Natural history studies reveal that nearly 70% of SCA patients will suffer a recurrent stroke if left untreated. Additionally, almost 40% of SCA patients who have an overt stroke also have evidence of vasculopathy on magnetic resonance angiography placing this group of patients at the highest risk for recurrent stroke. Moreover, 45% of SCA patients who have had an overt stroke will suffer progressive neurologic damage due to both overt and silent cerebral infarctions, despite chronic transfusion therapy (CTT). Hydroxyurea was not equivalent to transfusion in the Stroke with Transfusions Changing to Hydroxyurea (SWiTCH) trial based on a composite end point; in those patients who have experienced prior stroke or at risk of initial stroke based on elevated TCD velocity, chronic blood transfusion or exchange transfusion is the standard of care to prevent recurrence or initial stroke. In our study we found that patient at high risk for stroke had significantly improvement with combination therapy of Hydroxyurea and exchange transfusions, vs simple transfusions/exchange transfusions vs hydroxyurea use. Subjects with the highest MCV values and HbF (group 3) had significantly more corroborative evidence of prevention from a new event of stroke [21-28].
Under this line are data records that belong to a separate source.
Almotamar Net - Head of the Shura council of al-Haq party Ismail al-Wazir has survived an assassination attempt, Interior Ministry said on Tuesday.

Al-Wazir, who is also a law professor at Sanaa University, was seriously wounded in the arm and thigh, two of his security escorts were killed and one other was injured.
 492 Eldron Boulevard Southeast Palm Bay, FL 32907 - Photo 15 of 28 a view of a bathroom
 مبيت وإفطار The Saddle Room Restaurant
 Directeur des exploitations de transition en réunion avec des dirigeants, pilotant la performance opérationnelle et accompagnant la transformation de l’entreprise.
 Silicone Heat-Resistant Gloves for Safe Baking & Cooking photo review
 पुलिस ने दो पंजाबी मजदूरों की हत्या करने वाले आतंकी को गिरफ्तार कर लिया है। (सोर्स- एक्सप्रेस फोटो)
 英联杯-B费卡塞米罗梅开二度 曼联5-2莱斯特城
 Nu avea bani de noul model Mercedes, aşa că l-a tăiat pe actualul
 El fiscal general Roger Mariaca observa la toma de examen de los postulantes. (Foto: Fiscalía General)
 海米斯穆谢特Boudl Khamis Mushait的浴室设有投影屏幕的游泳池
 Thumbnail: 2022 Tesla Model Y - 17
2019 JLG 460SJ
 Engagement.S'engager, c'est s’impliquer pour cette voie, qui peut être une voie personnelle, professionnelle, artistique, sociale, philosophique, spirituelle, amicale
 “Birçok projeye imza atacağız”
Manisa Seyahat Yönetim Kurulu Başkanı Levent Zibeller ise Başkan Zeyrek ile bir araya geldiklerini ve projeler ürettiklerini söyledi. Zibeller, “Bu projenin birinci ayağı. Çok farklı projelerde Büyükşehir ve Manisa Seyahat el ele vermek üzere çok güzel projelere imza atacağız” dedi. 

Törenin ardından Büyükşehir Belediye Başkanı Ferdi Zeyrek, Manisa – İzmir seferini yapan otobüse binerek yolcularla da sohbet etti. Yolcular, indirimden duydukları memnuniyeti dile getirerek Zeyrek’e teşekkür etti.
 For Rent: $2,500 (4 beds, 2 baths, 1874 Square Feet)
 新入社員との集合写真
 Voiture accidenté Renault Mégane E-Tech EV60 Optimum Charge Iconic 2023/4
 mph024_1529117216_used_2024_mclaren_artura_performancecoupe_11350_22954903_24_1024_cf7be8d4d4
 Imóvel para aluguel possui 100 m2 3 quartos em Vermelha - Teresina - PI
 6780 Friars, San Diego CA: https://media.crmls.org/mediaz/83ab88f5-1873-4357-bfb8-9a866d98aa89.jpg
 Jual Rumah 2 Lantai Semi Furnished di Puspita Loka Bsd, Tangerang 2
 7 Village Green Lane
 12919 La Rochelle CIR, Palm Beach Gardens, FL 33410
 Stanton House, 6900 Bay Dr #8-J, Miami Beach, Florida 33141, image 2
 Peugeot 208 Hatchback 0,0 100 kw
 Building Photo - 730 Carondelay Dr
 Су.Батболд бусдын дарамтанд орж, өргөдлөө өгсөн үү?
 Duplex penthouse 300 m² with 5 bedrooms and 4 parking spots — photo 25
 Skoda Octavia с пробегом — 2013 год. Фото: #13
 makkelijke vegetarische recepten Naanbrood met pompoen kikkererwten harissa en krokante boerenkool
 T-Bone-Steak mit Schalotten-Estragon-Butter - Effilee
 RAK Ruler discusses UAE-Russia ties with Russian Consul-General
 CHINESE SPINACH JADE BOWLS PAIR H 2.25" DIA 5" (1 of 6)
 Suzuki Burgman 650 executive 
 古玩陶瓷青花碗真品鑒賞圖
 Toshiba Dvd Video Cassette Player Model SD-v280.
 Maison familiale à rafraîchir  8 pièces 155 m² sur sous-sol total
A similar relationship has been described in sickle cell patients with pulmonary hypertension. Another one of the most controversial complications of sickle cell disease (SCD) is pulmonary hypertension (PH). The words “pulmonary hypertension” like “anemia” does not indicate a specific diagnosis but imply a constellation of signs and symptoms that have many possible etiologies. The World Health Organization classifies PH into 5 groups which were collectively referred to as “pulmonary hypertension” with number one being pulmonary arterial hypertension (PAH). Pulmonary hypertension is defined as resting mean pulmonary artery pressure (MPAP) ≥25 mmHg determined by right heart catheterization (RHC). Moreover, the hallmark of PAH, besides the elevated MPAP, is a co-existent pulmonary-capillary wedge pressure ≤15mmHg. About 3% of patients with SS develop PAH and the overall prevalence of all types of PH in SS is approximately 6%.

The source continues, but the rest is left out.